Triple-charm molecular states composed of $D^*D^*D$ and $D^*D^*D^*$

TL;DR

This paper predicts the existence of triple-charm molecular states composed of D and D* mesons using a three-body Schrödinger equation approach, inspired by the T_cc+ observation, and suggests they could be detected at LHC.

Contribution

It systematically investigates triple-charm molecular states with a detailed three-body analysis, including interactions, mixing, and coupled channels, providing new predictions for bound states.

Findings

Bound states for specific isospin and spin-parity configurations are predicted.

Calculated binding energies and radii support the molecular interpretation.

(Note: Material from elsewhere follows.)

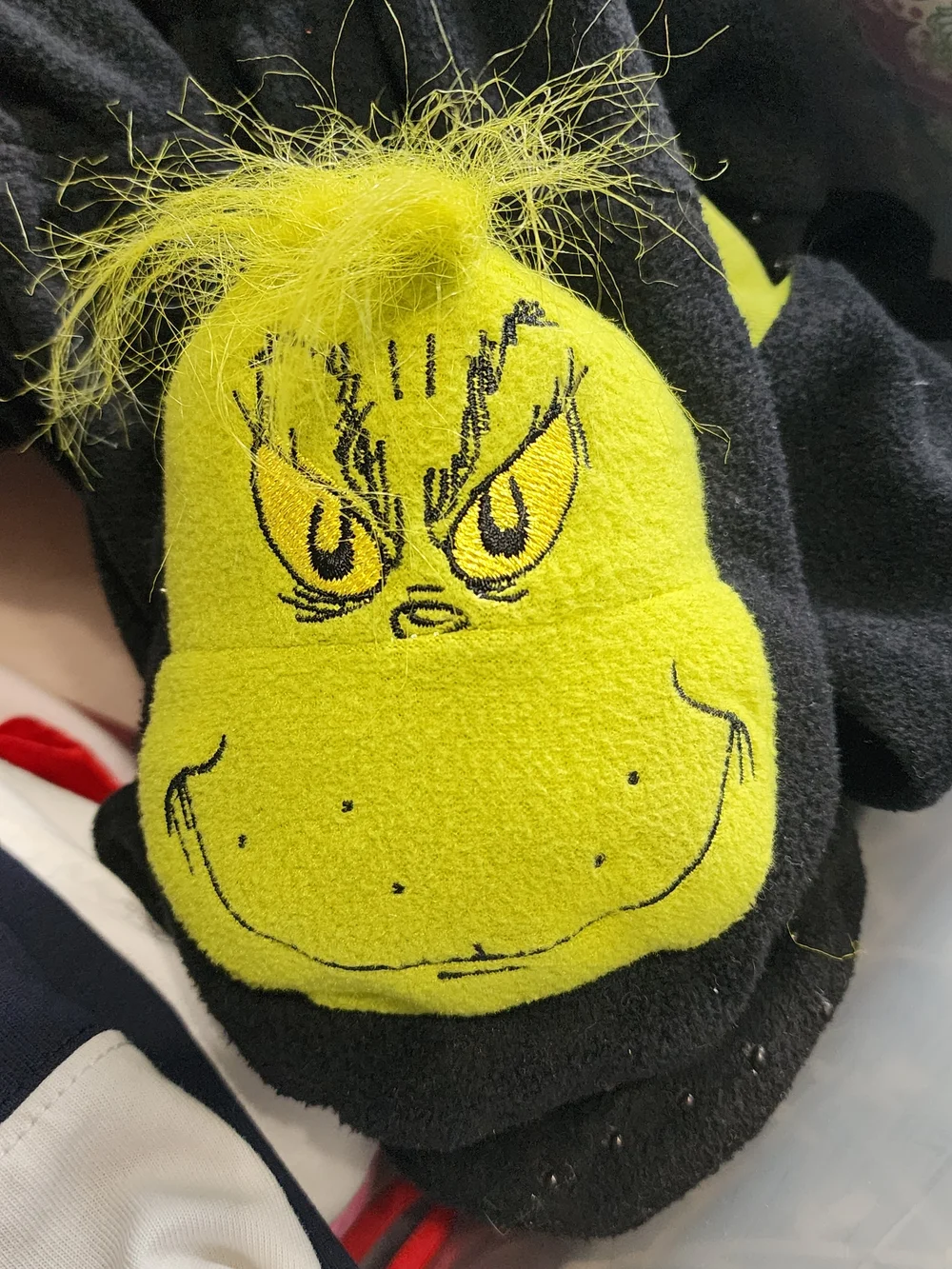 Dr. Seuss Grinch Black One-Piece Footie Pajamas with Lime Green Accents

Predictions are testable at current high-energy physics experiments.

Abstract

Inspired by the newly observed $T_{cc}^+$ state, we systematically investigate the $S$-wave triple-charm molecular states composed of $D^*D^*D$ and $D^*D^*D^*$. We employ the one-boson-exchange model to derive the interactions between $D(D^*)$ and $D^*$ and solve the three-body Schr\"odinger equations with the Gaussian expansion method. The $S$-$D$ mixing and coupled channel effects are carefully assessed in our study. Our results show that the $I(J^P)=\frac{1}{2}(0^-,1^-,2^-)$ $D^*D^*D$ and $I(J^P)=\frac{1}{2}(0^-,1^-,2^-,3^-)$ $D^*D^*D^*$ systems could form bound states, which can be viewed as three-body hadronic molecules. We present not only the binding energies of the three-body bound states, but also the root-mean-square radii of $D $-$D^*$ and $D^*$-$D^*$, which further corroborate the molecular nature of these states. These predictions could be tested in the future at LHC or HL-LHC.